In a 48-page opinion, U.S. District Judge Jia M. Cobb of D.C. wrote that the administration's new policy in January to broadly expand a process known as "expedited removal" - which had previously been used to deport migrants detained at or near the U.S.-Mexico border - doesn't provide adequate due process rights to those detained inside the country.
Cobb, in her ruling in a case brought by civil rights groups, wrote that "in defending this skimpy process, the Government makes a truly startling argument: that those who entered the country illegally are entitled to no process under the Fifth Amendment, but instead must accept whatever grace Congress affords them. Were that right, not only noncitizens, but everyone would be at risk."
Cobb, who was appointed by President Joe Biden, said she was not questioning the constitutionality of the expedited removal statute and its "long-standing application" in border control. But she said that "in applying the statute to a huge group of people living in the interior of the country who have not previously been subject to expedited removal, the Government must afford them due process."
The American Civil Liberties Union sued the Trump administration over the policy on behalf of Make the Road New York, an immigrant rights group, after the Department of Homeland Security said on Jan. 21 that it was expanding the use of expedited removal to speed up the deportation of undocumented migrants who have been in the country for two years or less.
Previously, expedited removal had only been used for migrants who were stopped within 100 miles of the border and who had been in the country for less than 14 days. Cobb said Friday that the Trump administration can continue to use the policy in those situations.
Cobb wrote that the administration's policy "creates a significant risk of erroneous removal," especially because "most noncitizens have been present for more than two years."

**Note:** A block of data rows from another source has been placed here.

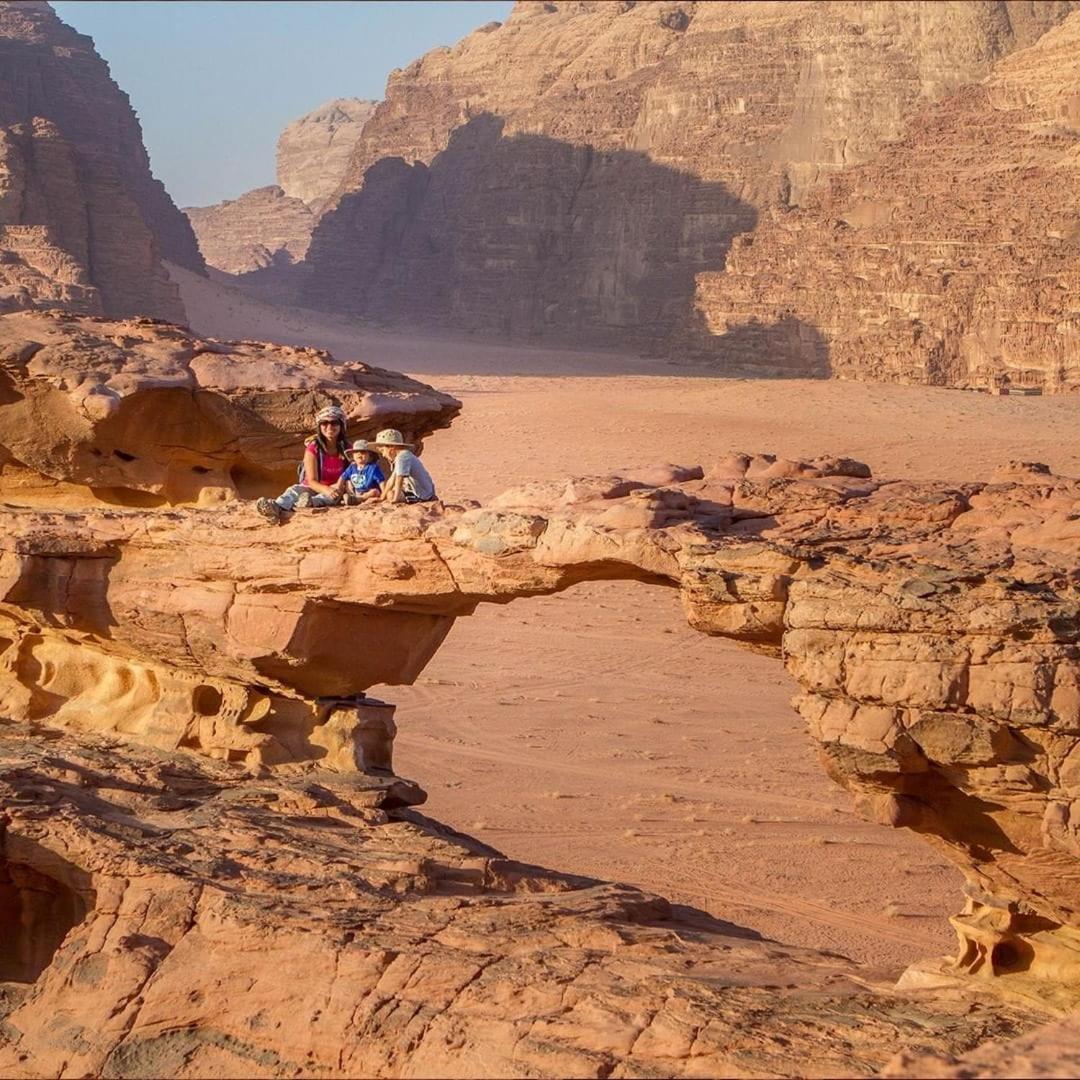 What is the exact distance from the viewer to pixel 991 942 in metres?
7.91

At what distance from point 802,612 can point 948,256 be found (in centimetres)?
4998

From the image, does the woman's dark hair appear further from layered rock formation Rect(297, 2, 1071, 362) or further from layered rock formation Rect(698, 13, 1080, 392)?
layered rock formation Rect(297, 2, 1071, 362)

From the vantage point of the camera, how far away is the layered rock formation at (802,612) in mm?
6926

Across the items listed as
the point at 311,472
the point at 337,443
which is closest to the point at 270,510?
the point at 311,472

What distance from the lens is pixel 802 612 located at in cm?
726

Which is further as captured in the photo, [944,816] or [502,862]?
[502,862]

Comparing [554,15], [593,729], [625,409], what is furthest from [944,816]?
[554,15]

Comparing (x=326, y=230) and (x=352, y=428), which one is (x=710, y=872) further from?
(x=326, y=230)

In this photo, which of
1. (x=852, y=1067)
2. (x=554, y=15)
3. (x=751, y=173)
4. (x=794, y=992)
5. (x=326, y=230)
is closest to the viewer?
(x=852, y=1067)

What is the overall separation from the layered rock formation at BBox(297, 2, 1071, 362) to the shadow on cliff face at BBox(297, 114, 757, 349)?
98 mm

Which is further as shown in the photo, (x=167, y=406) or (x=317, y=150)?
(x=317, y=150)

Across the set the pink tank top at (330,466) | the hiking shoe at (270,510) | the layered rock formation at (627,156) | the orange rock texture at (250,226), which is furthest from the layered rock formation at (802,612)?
the orange rock texture at (250,226)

"In short, the expedited removal process hardly affords individuals any opportunity, let alone a 'meaningful' one, to demonstrate that they have been present in the United States for two years," she said. "And although this shortcoming might not create a huge risk of error when expedited removal is used at or near the border, it creates an intolerable risk when expedited removal is deployed throughout the United States."
Cobb's decision, if it remains in place, could significantly hamper the Trump administration's mass deportation plan. President Donald Trump has vowed to enact the largest domestic deportation operation in history, seeking to deport 1 million immigrants during his first year in office. The ability to remove migrants without a court hearing was widely considered a key tool for the administration to swiftly carry out deportations.
While the Jan. 21 policy says that the DHS secretary has sole discretion to modify the scope of expedited removals, the ACLU argued the effort violated legal due process for migrants who have no meaningful notice or ability to dispute their deportations.
Under the expedited removal process - created in a 1996 law that intended to curb illegal immigration - migrants can request political asylum from immigration officers if they fear persecution upon being returned to their home countries. But if the immigration officer denies their claim, their only recourse is a cursory review from an immigration judge.
Trump's first administration also sought to expand expedited removal but was initially blocked by a federal judge from implementing it. The policy was ultimately allowed to go into effect in October 2020. A total of 17 foreign nationals were removed between that month and Jan. 20, 2021, when Biden took office, according to a report from the Migration Policy Institute.
Biden rescinded the expanded policy.
Earlier this month, Cobb also temporarily blocked the Trump administration from rapidly deporting immigrants granted parole at a port of entry, a decision with the potential to impact hundreds of thousands of people.